(WORK ORDER): Find the line containing "Snapshot of EmmaCowperr" in the entries below. Restate it and each line after it, word for word, up to and including the line containing "J'apprends à manger seul..".

RECORDS SUPPLIED START

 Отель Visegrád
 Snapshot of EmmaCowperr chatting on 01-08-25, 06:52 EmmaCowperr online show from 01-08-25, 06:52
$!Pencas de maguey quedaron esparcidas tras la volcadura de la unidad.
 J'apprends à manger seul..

RECORDS SUPPLIED END
RECORDS SUPPLIED START

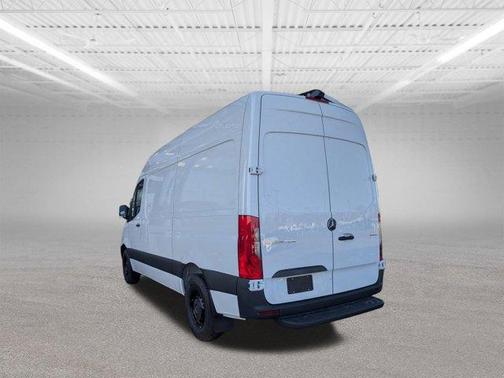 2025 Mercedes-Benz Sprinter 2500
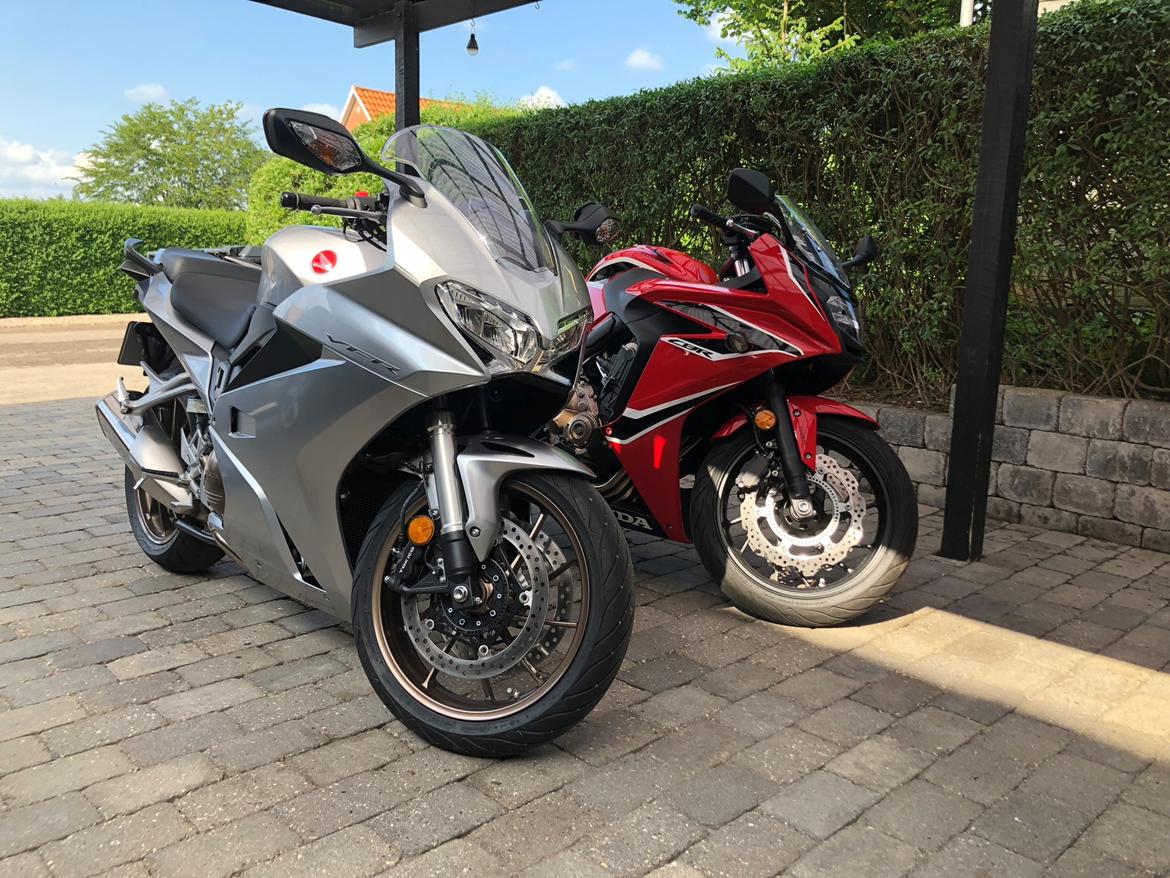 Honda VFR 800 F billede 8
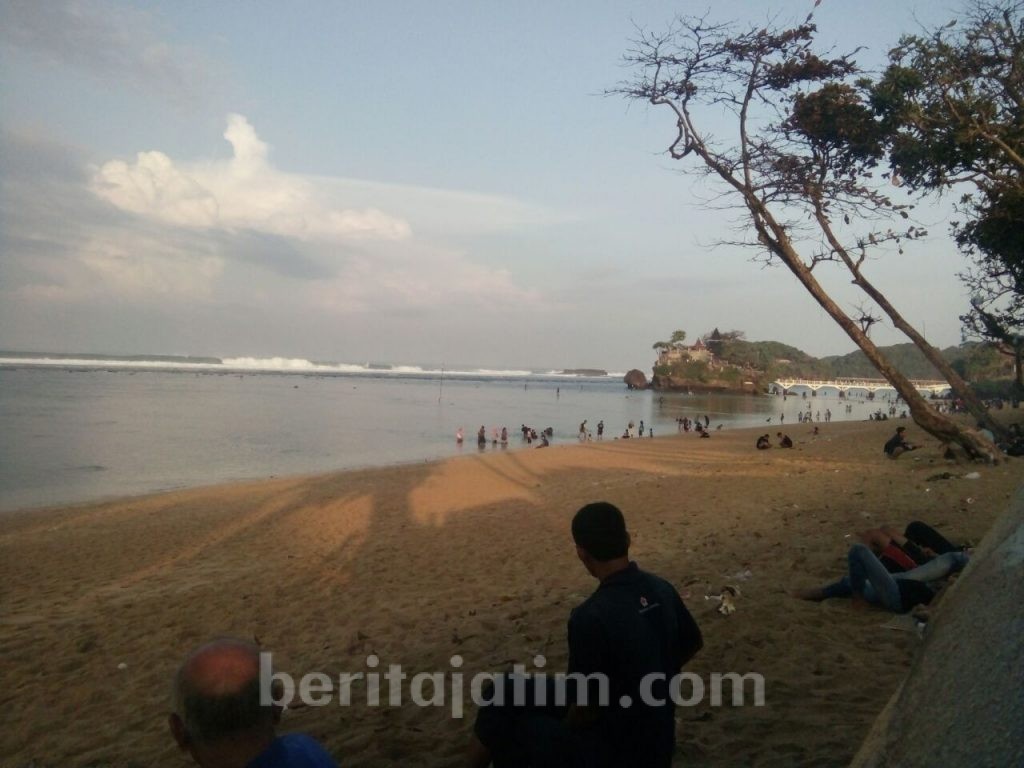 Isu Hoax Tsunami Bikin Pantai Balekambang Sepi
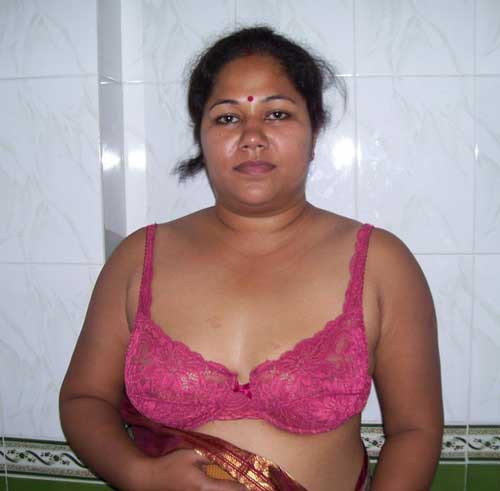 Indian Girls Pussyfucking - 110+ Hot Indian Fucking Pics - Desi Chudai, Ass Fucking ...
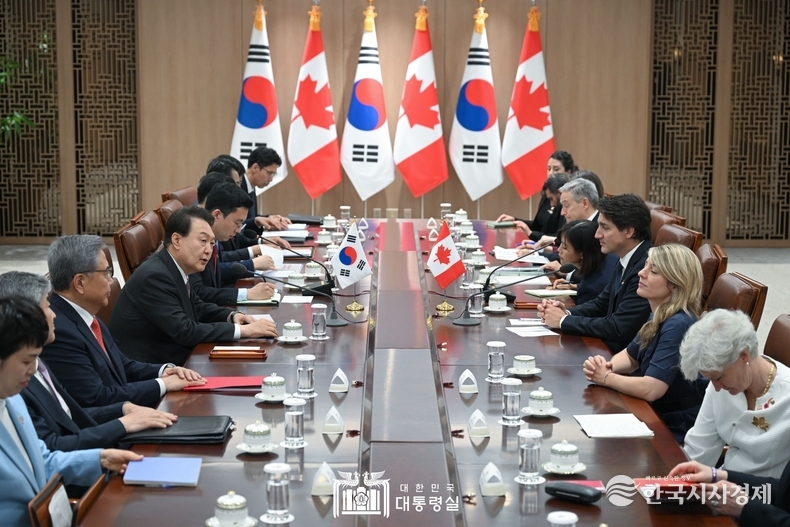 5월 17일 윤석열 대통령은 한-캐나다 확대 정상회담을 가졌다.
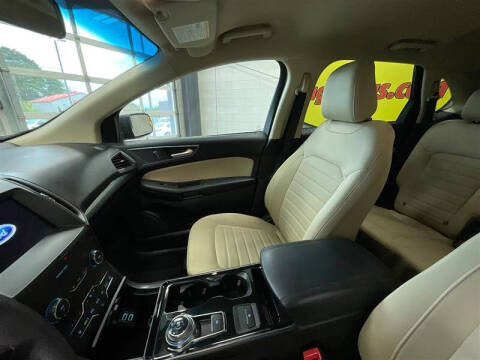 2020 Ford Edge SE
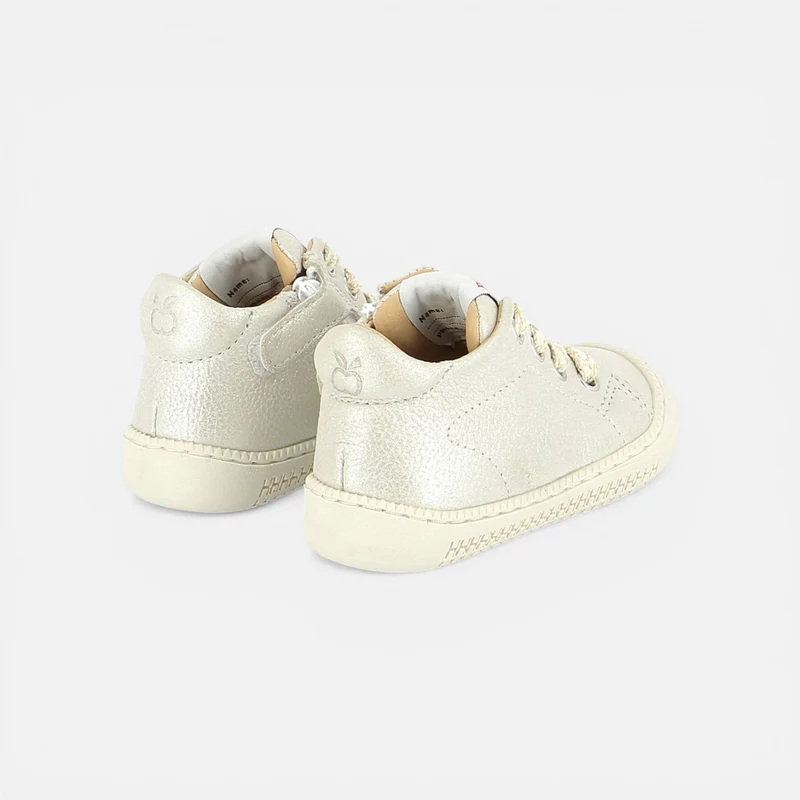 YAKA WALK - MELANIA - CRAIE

RECORDS SUPPLIED END

(ANSWER SECTION):
 Snapshot of EmmaCowperr chatting on 01-08-25, 06:52 EmmaCowperr online show from 01-08-25, 06:52
$!Pencas de maguey quedaron esparcidas tras la volcadura de la unidad.
 J'apprends à manger seul..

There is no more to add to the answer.